There are many purposes for reading a text or passage. Sometimes, you need to read the text for detail-to gain all of the information necessary. An example of a time when you need to read for detail is when you are reading a process essay or a recipe. In an essay that describes a step-by-step process, you need to pay attention to the details.
There are other times when you do not need to read for details. Sometimes, you just need to get a sense of the main points of a text. An example would be when you are reading a news article to find out a specific piece of information, such as did Congress impeach President Trump. If you only care about the answer to that question, and are not interested in the details, you could skim the article.
Skimming is a process of reading a passage and only looking for the main points or important information. When skimming, a reader does not read every word of a text. Instead, the reader focuses on the introduction and main points. The reader is looking for the main idea, or thesis, and the key details.

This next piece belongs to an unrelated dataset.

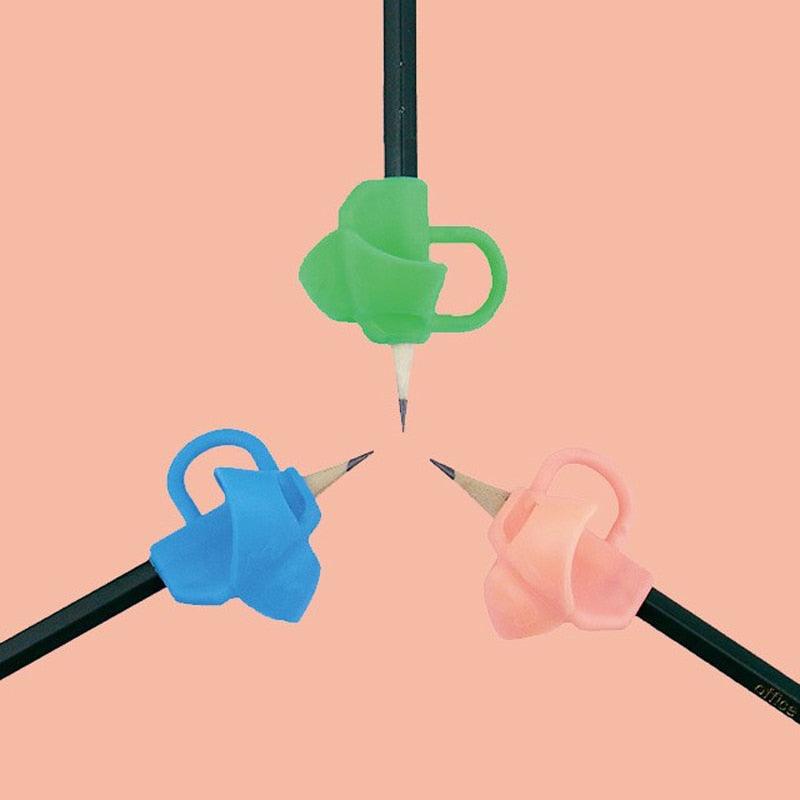 Ensemble de 15 grips ergonomiques pour crayons pour enfants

Skimming can be used for non-fiction articles and texts, but also can be used when reading long novels that have dense descriptions. When skimming, it is useful for the reader to look at charts, pictures, tables, etc. in addition to reading for the main idea and key details in the introduction and body paragraphs.

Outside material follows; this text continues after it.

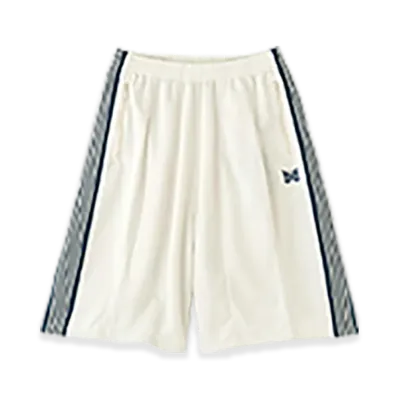 NEEDLES x LHP Track Shorts Poly Smooth "White"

Jane Austen is a writer who enjoys including lengthy descriptions of places and people in her novels. Her purpose, often, is to poke fun at English society and social customs of her time. However, readers today may not be interested in those descriptions. This portion of the novel where Austen describes the invitation to dinner for Mr. Bingley is the type of passage you might skim:
An invitation to dinner was soon afterwards dispatched; and already had Mrs. Bennet planned the courses that were to do credit to her housekeeping, when an answer arrived which deferred it all. Mr. Bingley was obliged to be in town the following day, and, consequently, unable to accept the honour of their invitation, etc. Mrs. Bennet was quite disconcerted. She could not imagine what business he could have in town so soon after his arrival in Hertfordshire; and she began to fear that he might be always flying about from one place to another, and never settled at Netherfield as he ought to be. Lady Lucas quieted her fears a little by starting the idea of his being gone to London only to get a large party for the ball; and a report soon followed that Mr. Bingley was to bring twelve ladies and seven gentlemen with him to the assembly. The girls grieved over such a number of ladies, but were comforted the day before the ball by hearing, that instead of twelve he brought only six with him from London-his five sisters and a cousin. And when the party entered the assembly room it consisted of only five altogether-Mr. Bingley, his two sisters, the husband of the eldest, and another young man.

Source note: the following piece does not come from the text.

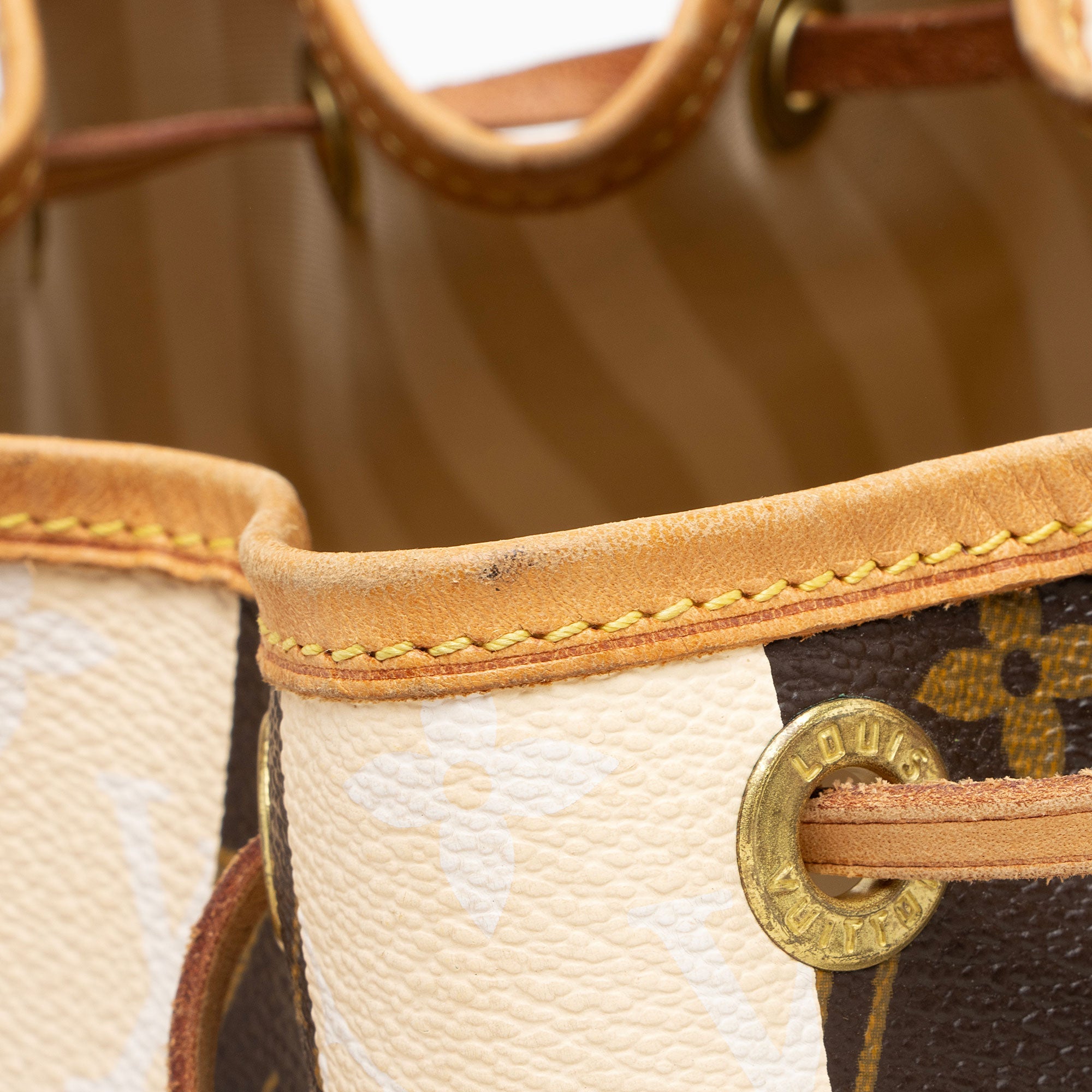 Louis Vuitton Limited Edition Monogram Canvas Rayures Petit Noe Shoulder Bag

Mr. Bingley was good-looking and gentlemanlike; he had a pleasant countenance, and easy, unaffected manners. His sisters were fine women, with an air of decided fashion. His brother-in-law, Mr. Hurst, merely looked the gentleman; but his friend Mr. Darcy soon drew the attention of the room by his fine, tall person, handsome features, noble mien, and the report which was in general circulation within five minutes after his entrance, of his having ten thousand a year. The gentlemen pronounced him to be a fine figure of a man, the ladies declared he was much handsomer than Mr. Bingley, and he was looked at with great admiration for about half the evening, till his manners gave a disgust which turned the tide of his popularity; for he was discovered to be proud; to be above his company, and above being pleased; and not all his large estate in Derbyshire could then save him from having a most forbidding, disagreeable countenance, and being unworthy to be compared with his friend.